This compares with a cancellation rate of averaged only 4% of monthly activity during the property boom from June 2009 to December 2010.
Cancellation rates are highest in the west (Melton) and north of Melbourne (Mitchell, Hume, Whittlesea) with the south east (Cardinia, Casey) having notably lower level of cancellations relative to lot sales.
Property Observer understands that Stockland projects represents a sizeable proportion of residential land that has been returned recently.
Stockland and other residential developers sell blocks of residential land in new master-planned communities to home building companies, which then market house and land packages at buyers.
The latest report provides further evidence of the challenges facing Melbourne greenfield land developers and comes as the HIA recorded a 12.1% fall in detached new home sales in Victoria over October.
Colin Keane, director of Research Four and the National Land Survey, says the current “slump in form for the Melbourne Greenfield market has not been helped by a rise in the number of blocks of land being handed back to developers”.
“Builders are unable to carry or sell on vacant land at the level which they experienced during the property boom. This situation has not been helped by a shift of first home buyer demand back to established property over new house and land.”

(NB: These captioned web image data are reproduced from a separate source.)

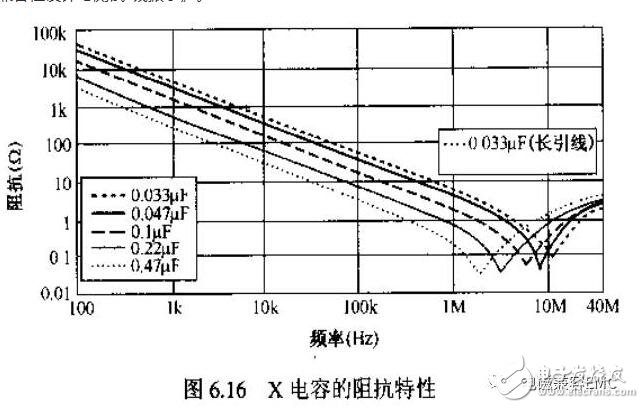 在實際電容器的頻率曲線上，諧振頻率點f0時得到阻抗的最小值，稱此頻率點為自諧振頻率，該點的阻抗值為等效串聯阻抗ESR的大小。頻率低于f0，器件顯電容特性；頻率高于f0，器件顯電感特性。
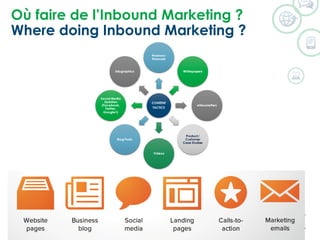 Où faire de l’Inbound Marketing ?
Where doing Inbound Marketing ?
©2014 WSI. All rights reserved.
 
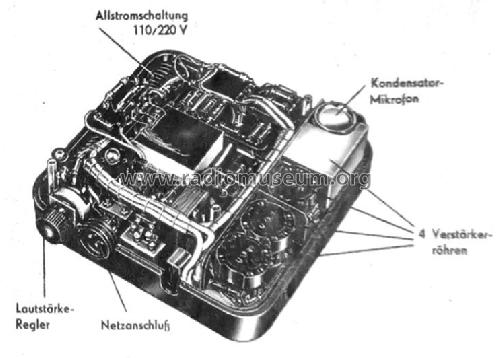 Phonophor-Super Hörgerät ; Siemens-Reiniger- (ID = 2860586) Medicine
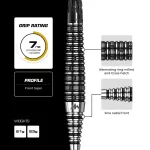 Dart szett steel Mission RD Cameron Carolissen, 21g 95% wolfram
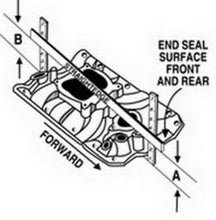 Load image into Gallery viewer, Edelbrock Performer 87-95 Polished Manifold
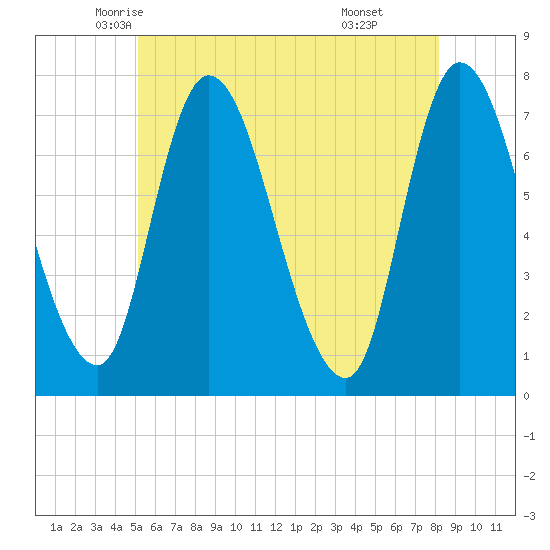 Newburyport tide chart for Wednesday, May 25, 2022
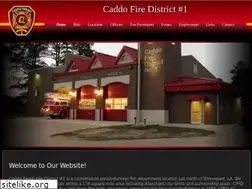 Sites similar to cfd1.com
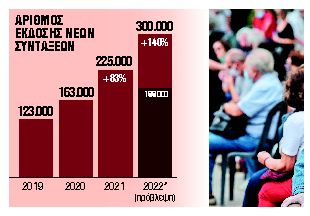 Εκδόθηκε το 97% των ληξιπρόθεσμων συντάξεων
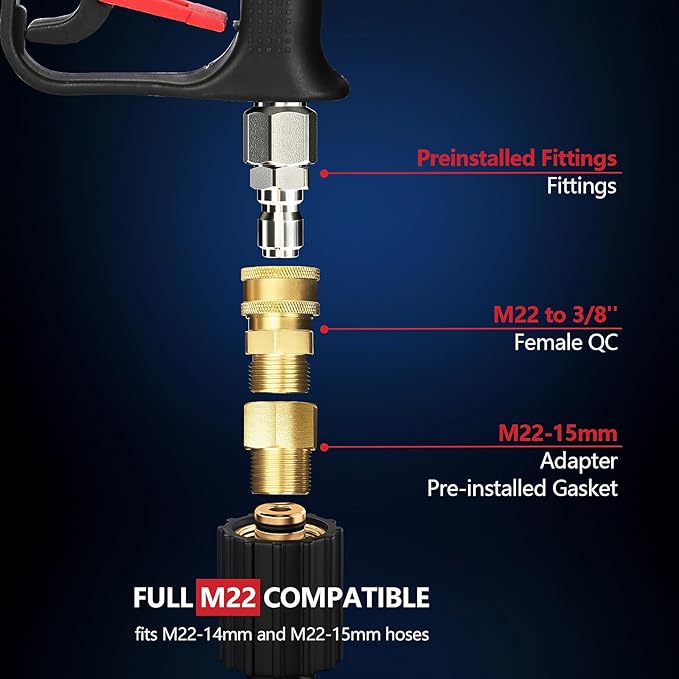 Short Pressure Washer Gun with Swivel, Anti-Tangle Design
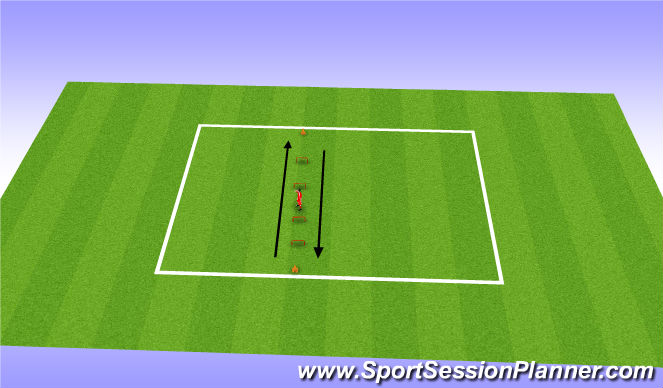 Football/Soccer Session Plan Drill (Colour): Screen 2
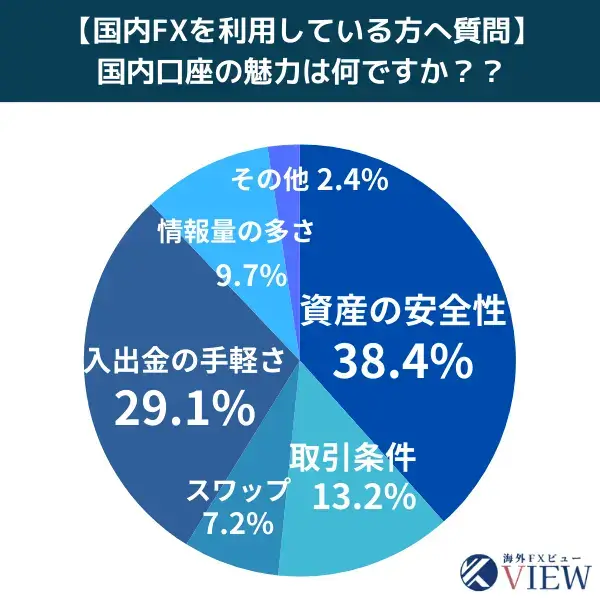 2023年FX取引で国内FX業者を利用した理由アンケート結果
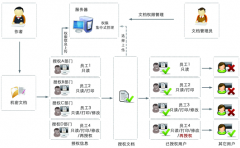 公司的土建文檔管理，如何管理??？
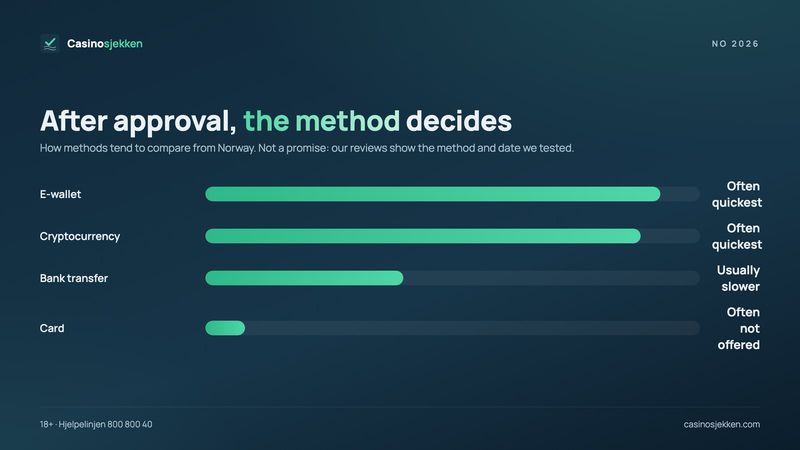 Fast payout casino methods from Norway: e-wallet and crypto often quickest, bank transfer slower, card often not offered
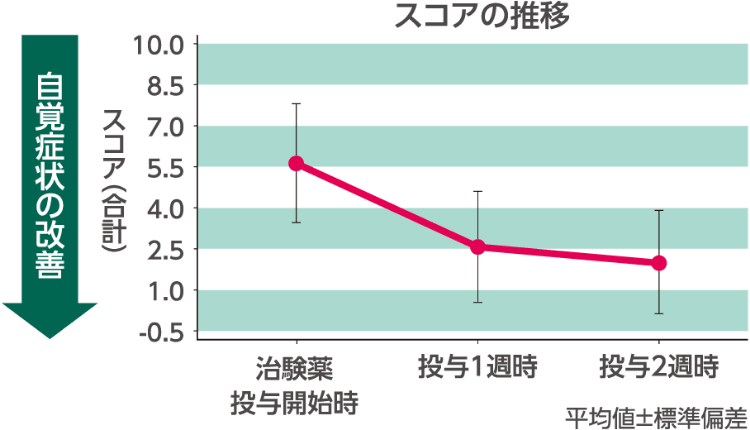 自覚症状の改善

In addition, first-home buyers don’t have the added incentive of the $13,000 state government handout, available for new home purchases, which ended in June.
Rory Costelloe, of Villawood Properties told Fairfax that developers that required buyers to put down only a small holding deposit of just $500 or $1000 on a residential block were the “really experiencing the problem”.
“This situation could market the beginning of a more conservative relationship between builder and developer as both struggle with lifting activity,” Keane says.
According to the September quarter Melbourne land report prepared by Oliver Hume, in terms of the 139 residential projects in Melbourne, Wyndham contains 24% of all projects, followed by Whittlesea and Casey with 22% and 17% respectively.